SUPPLIED MATERIAL Block Start

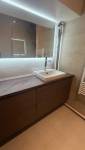 Rénovation complète d’une salle de bain moderne avec douche à l’italienne à Paris 17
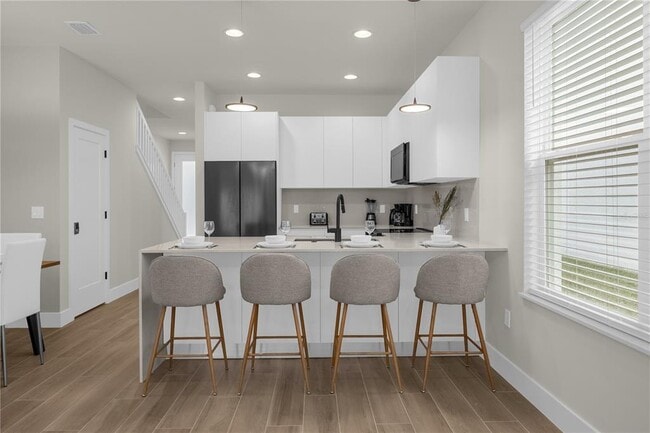 Building Photo - 1415 Serendipity Ln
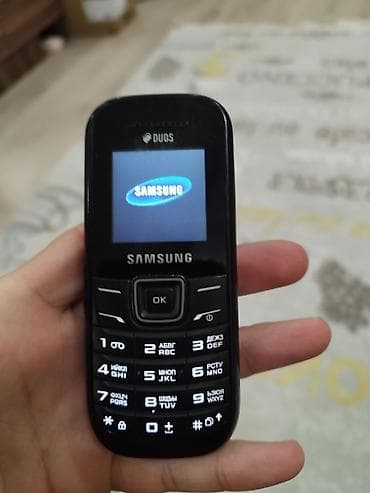 samsung duos: Samsung B200, цвет - Черный, Две SIM карты — 1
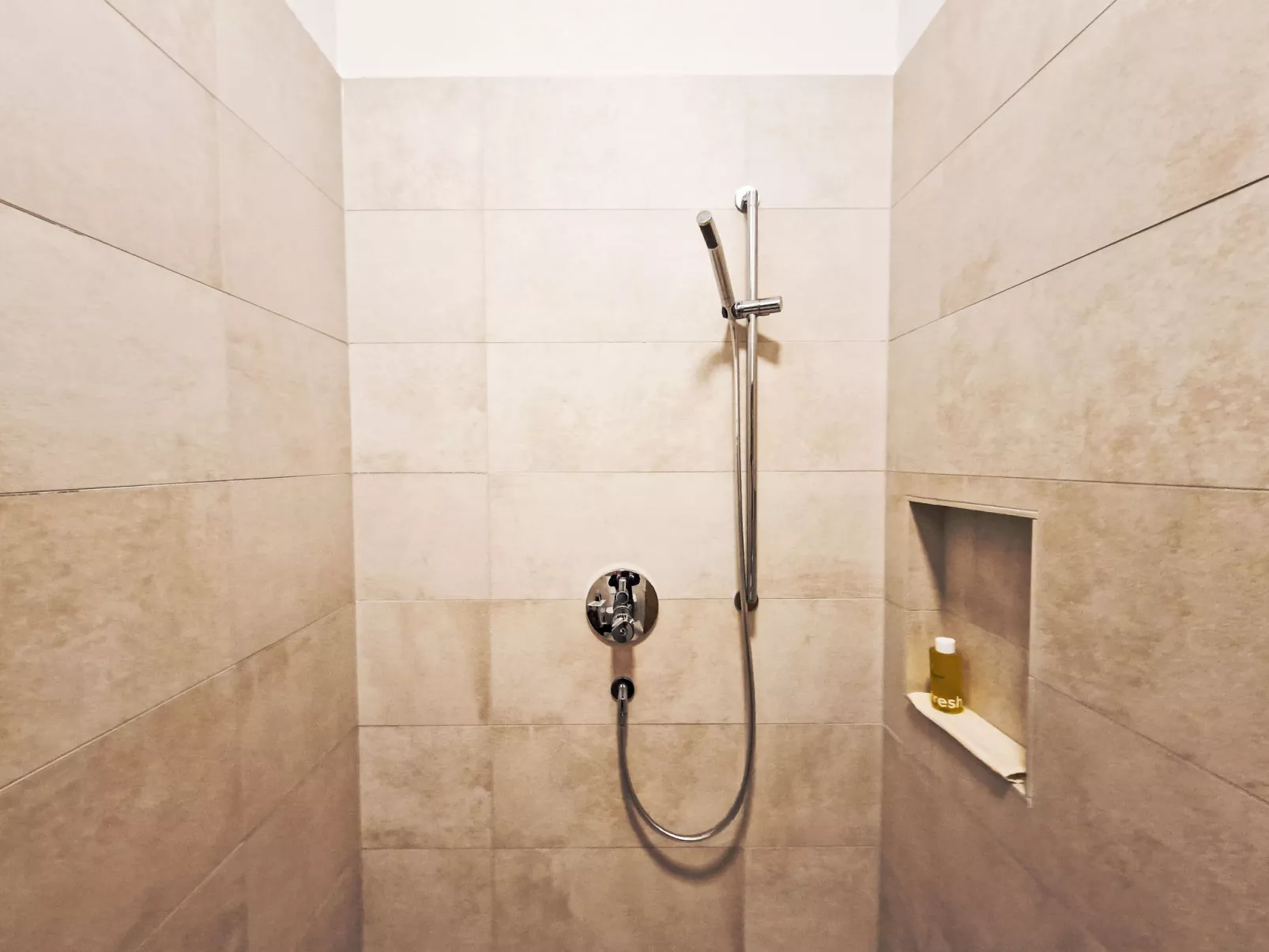 The Rock Design-Binnen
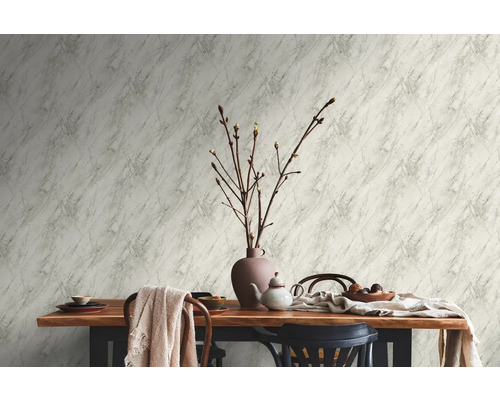 Wand mit Marmortapete, Esstisch mit Geschirr und Dekoration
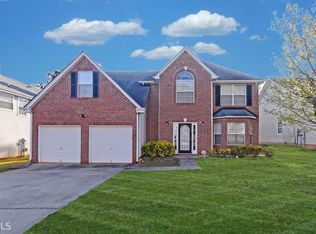 5490 Sapphire Cir, Ellenwood, GA 30294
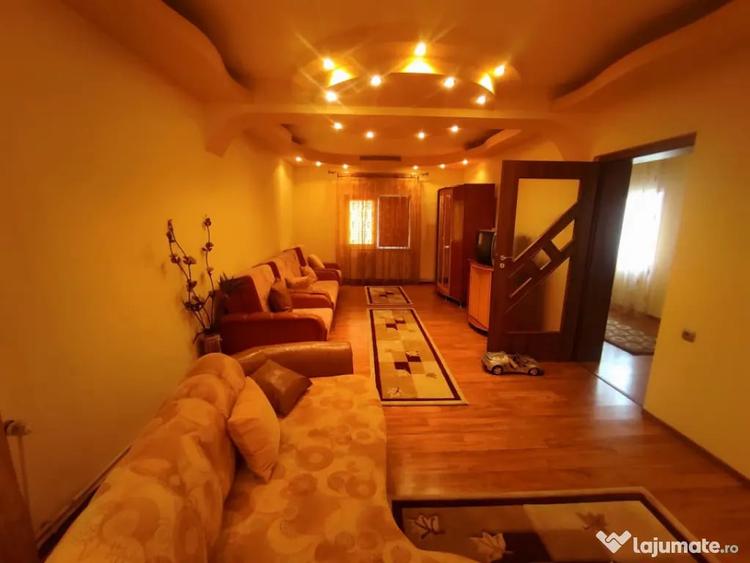 Casă cu 7 camere cu Teren 600 Mp în Central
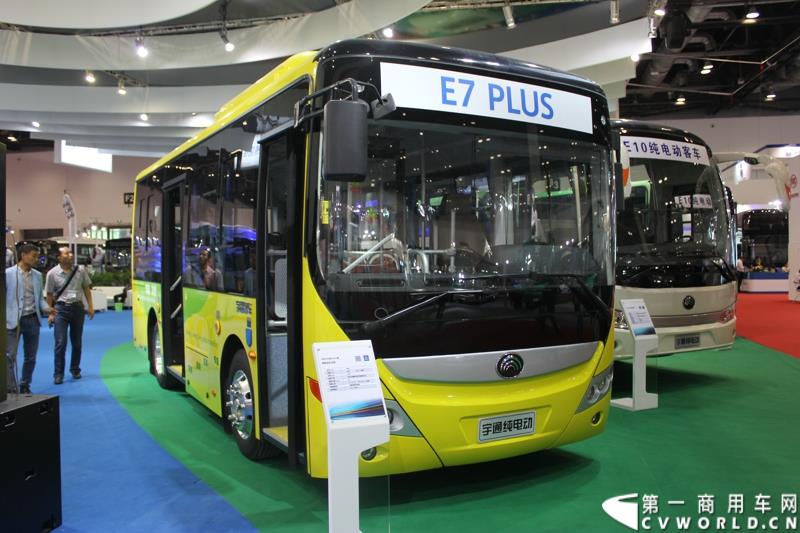 5月11-13日，2015北京国际道路运输、城市公交车辆及零部件展览会（以下简称“北京客车展”）在北京国家会议中心举行。在这场客车盛宴上，宇通客车携四款车型展示，分别是高端商务车T7、10米纯电动公交车 ZK6105BEVG3、7米纯电动公交车ZK6705BEVG1、10米纯电动团体车ZK6115BEV2。其中，高端商务车ZK6710首次亮相。图为宇通E7PLUS纯电动公交车 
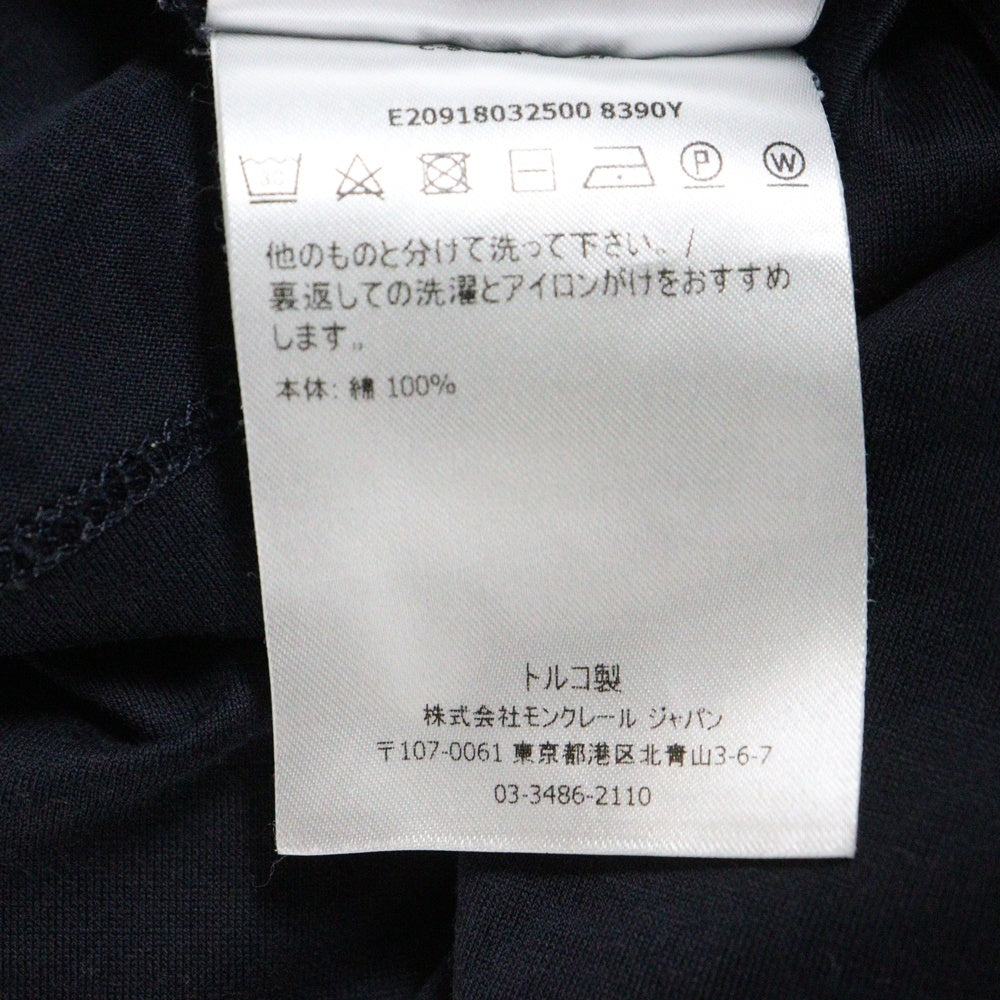 MONCLER(モンクレール) 19AW MAGLIA T-SHIRT フロントロゴ刺繍パッチ クルーネック 半袖Tシャツ カットソー ネイビー E20918032500 8390Y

SUPPLIED MATERIAL Block End

» **WHAT TO PRODUCE**:
Where an entry contains an image, skip the image; repeat everything else exactly.

» **ANSWER FOR THIS EXERCISE**:
 Rénovation complète d’une salle de bain moderne avec douche à l’italienne à Paris 17
 Building Photo - 1415 Serendipity Ln
 samsung duos: Samsung B200, цвет - Черный, Две SIM карты — 1
 The Rock Design-Binnen
 Wand mit Marmortapete, Esstisch mit Geschirr und Dekoration
 5490 Sapphire Cir, Ellenwood, GA 30294
 Casă cu 7 camere cu Teren 600 Mp în Central
 5月11-13日，2015北京国际道路运输、城市公交车辆及零部件展览会（以下简称“北京客车展”）在北京国家会议中心举行。在这场客车盛宴上，宇通客车携四款车型展示，分别是高端商务车T7、10米纯电动公交车 ZK6105BEVG3、7米纯电动公交车ZK6705BEVG1、10米纯电动团体车ZK6115BEV2。其中，高端商务车ZK6710首次亮相。图为宇通E7PLUS纯电动公交车 
 MONCLER(モンクレール) 19AW MAGLIA T-SHIRT フロントロゴ刺繍パッチ クルーネック 半袖Tシャツ カットソー ネイビー E20918032500 8390Y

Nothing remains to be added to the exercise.